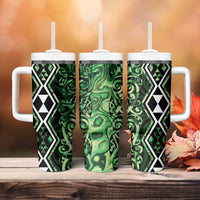 Green Aotearoa Tumbler With Handle Taniko Motifs With Paua Shell Kowhaiwhai LT14 - Polynesian Pride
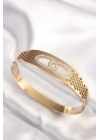 ® 316L Çelik Gold Renk Zirkon Taşlı Kadın Kelepçe Bilezik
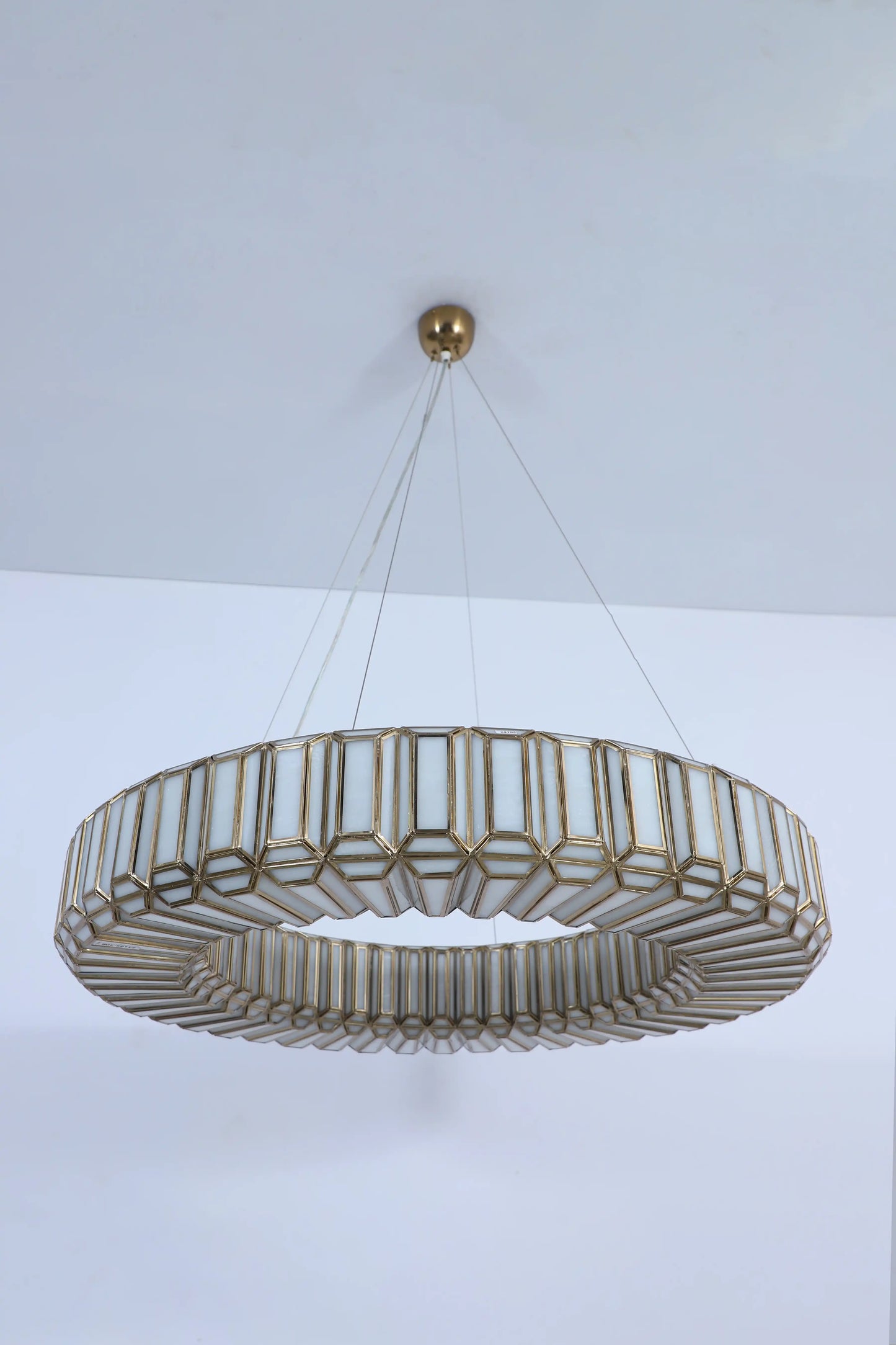 Embossed Glass Ring Chandelier – Antique Gold Modern Pendant Light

## [TASK TO CARRY OUT]
Apart from the pictures, every line above must be repeated exactly.

## [TASK SOLUTION]
 Green Aotearoa Tumbler With Handle Taniko Motifs With Paua Shell Kowhaiwhai LT14 - Polynesian Pride
 ® 316L Çelik Gold Renk Zirkon Taşlı Kadın Kelepçe Bilezik
 Embossed Glass Ring Chandelier – Antique Gold Modern Pendant Light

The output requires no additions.